◆ DATA PROVIDED
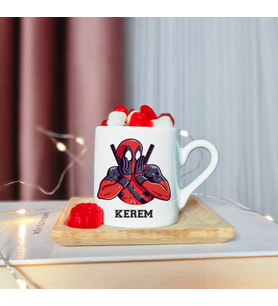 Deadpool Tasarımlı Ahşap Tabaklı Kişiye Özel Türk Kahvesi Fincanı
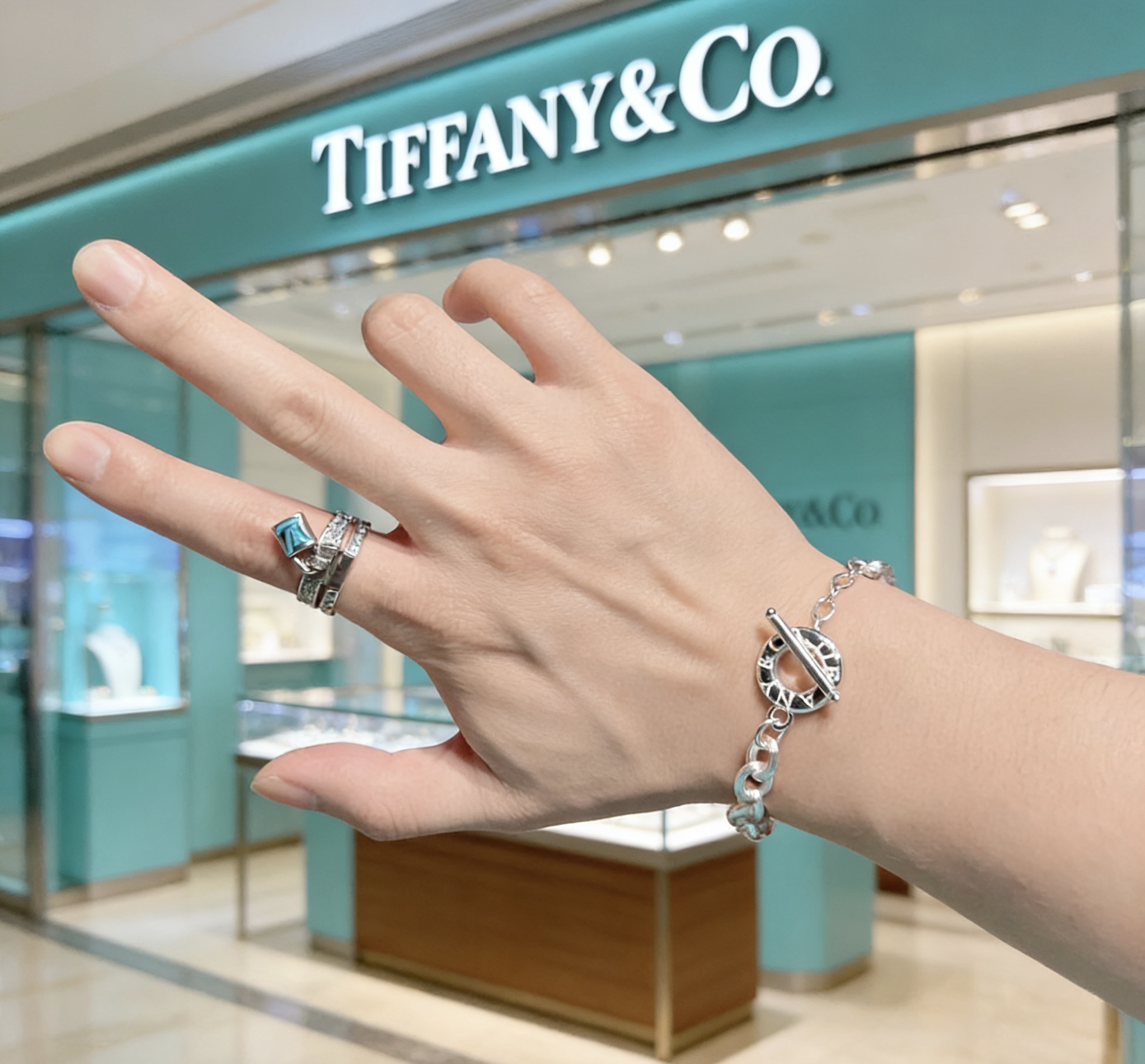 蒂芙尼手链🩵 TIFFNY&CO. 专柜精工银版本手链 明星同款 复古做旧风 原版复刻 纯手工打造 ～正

* * *

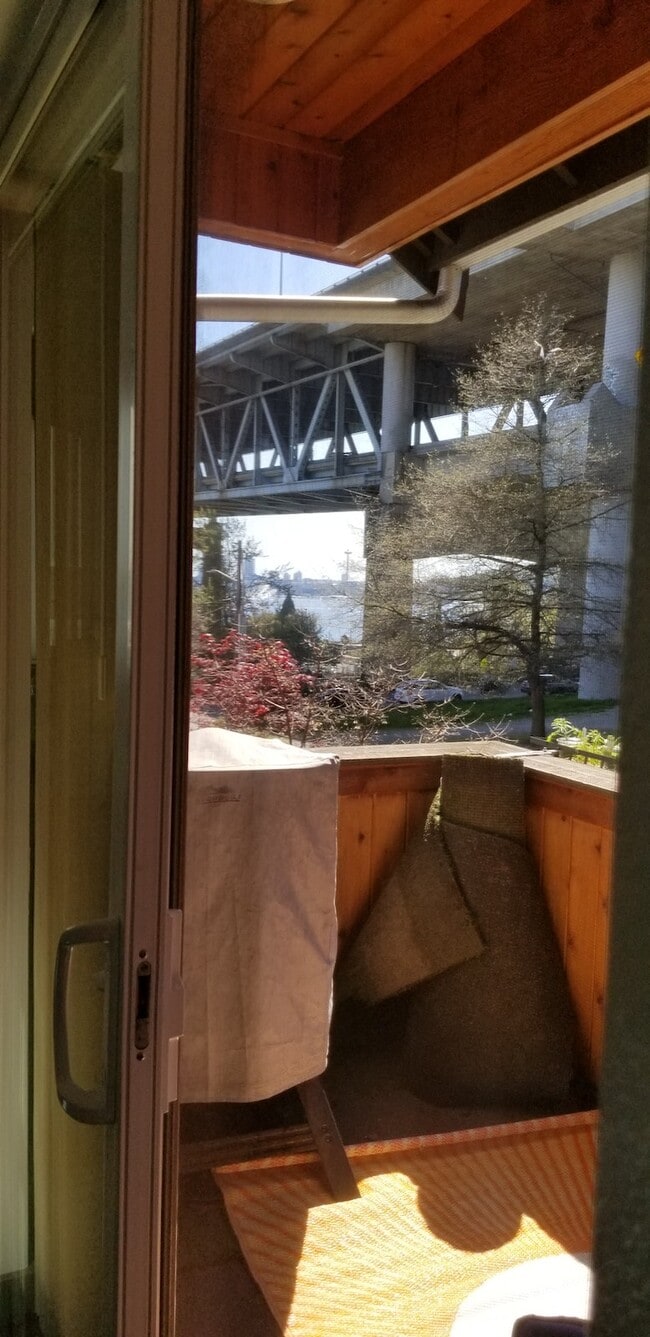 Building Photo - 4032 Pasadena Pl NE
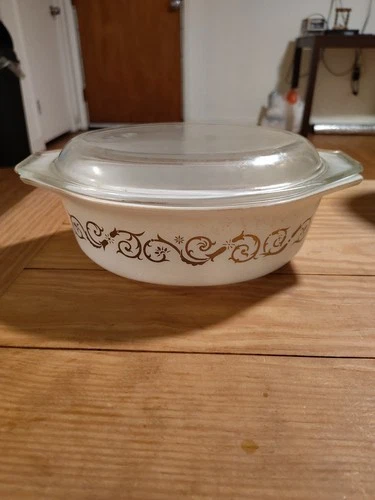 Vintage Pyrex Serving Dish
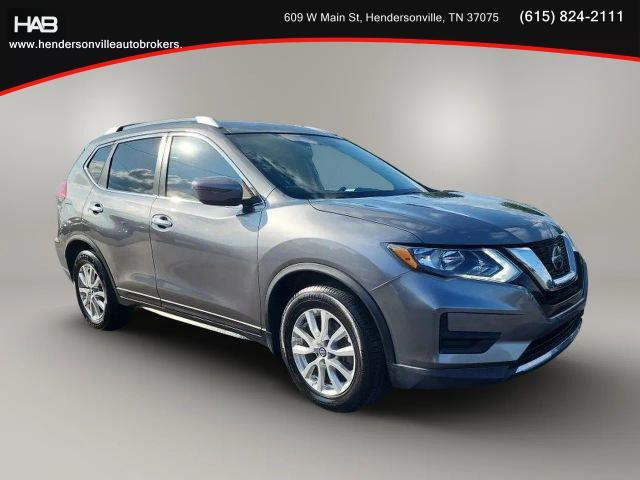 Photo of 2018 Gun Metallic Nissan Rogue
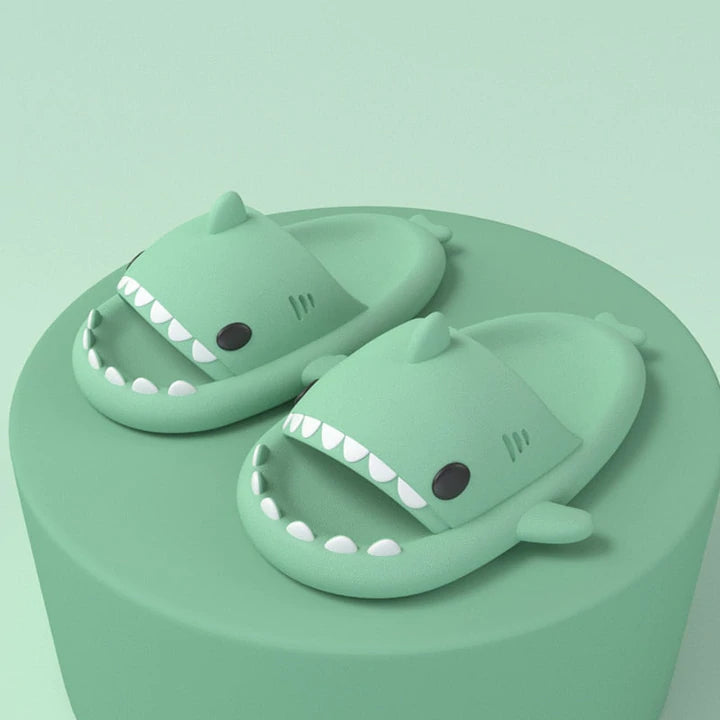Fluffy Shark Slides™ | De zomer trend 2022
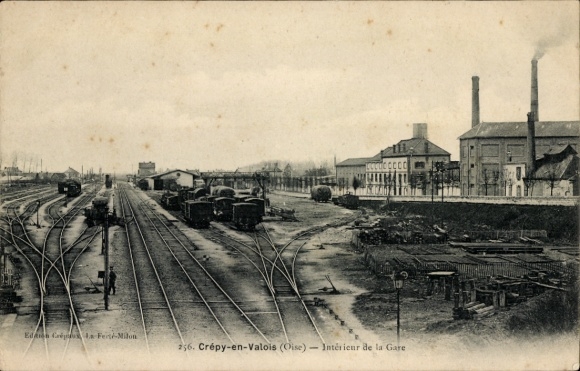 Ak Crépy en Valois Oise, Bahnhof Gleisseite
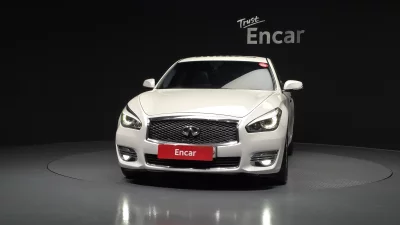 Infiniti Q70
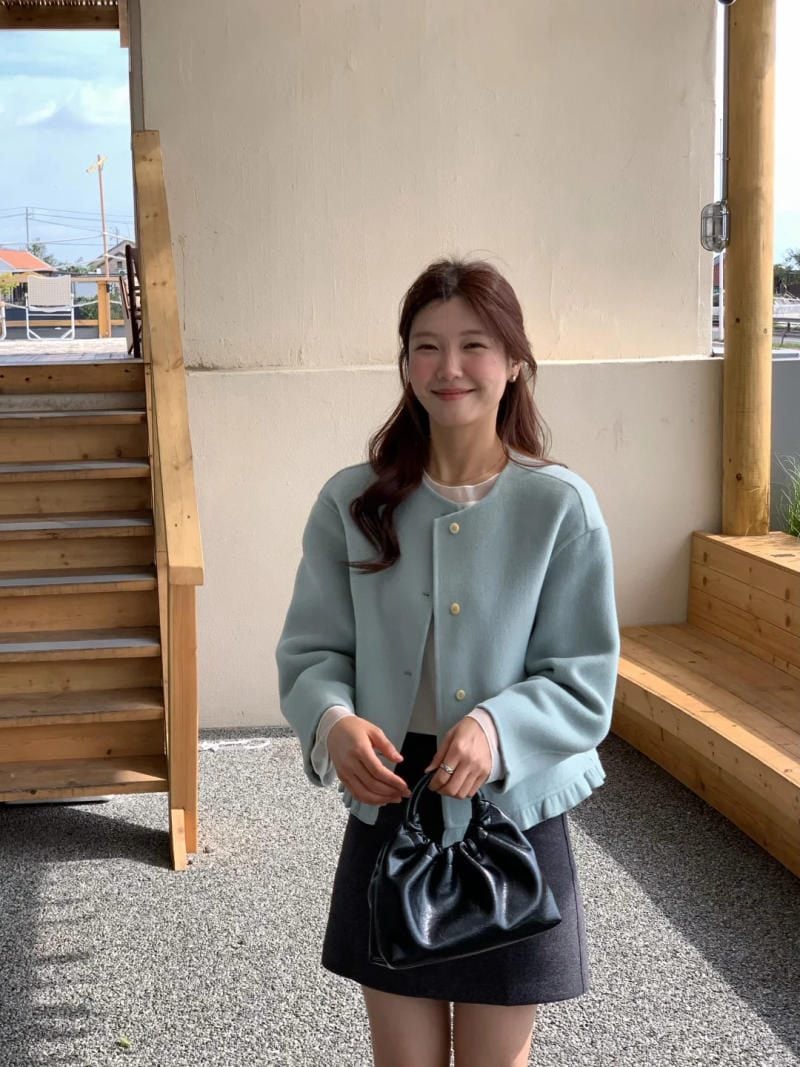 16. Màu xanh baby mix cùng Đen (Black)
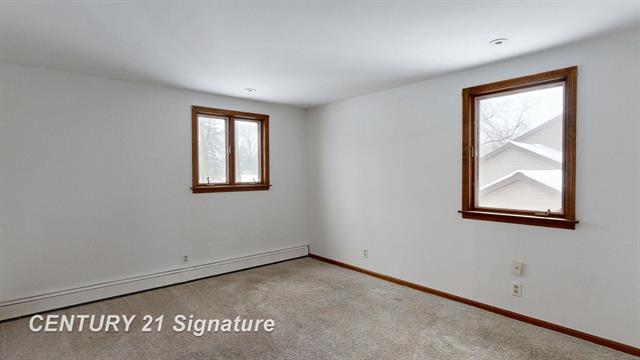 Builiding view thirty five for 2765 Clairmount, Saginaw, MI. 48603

◆ WHAT IS EXPECTED
Reproduce the lines above starting at the one with "Vintage Pyrex Serving Dish" and ending at the one with "Builiding view thirty", both included, exactly and with no pictures.

◆ ANSWER FOR THE TASK
 Vintage Pyrex Serving Dish
 Photo of 2018 Gun Metallic Nissan Rogue
Fluffy Shark Slides™ | De zomer trend 2022
 Ak Crépy en Valois Oise, Bahnhof Gleisseite
 Infiniti Q70
 16. Màu xanh baby mix cùng Đen (Black)
 Builiding view thirty five for 2765 Clairmount, Saginaw, MI. 48603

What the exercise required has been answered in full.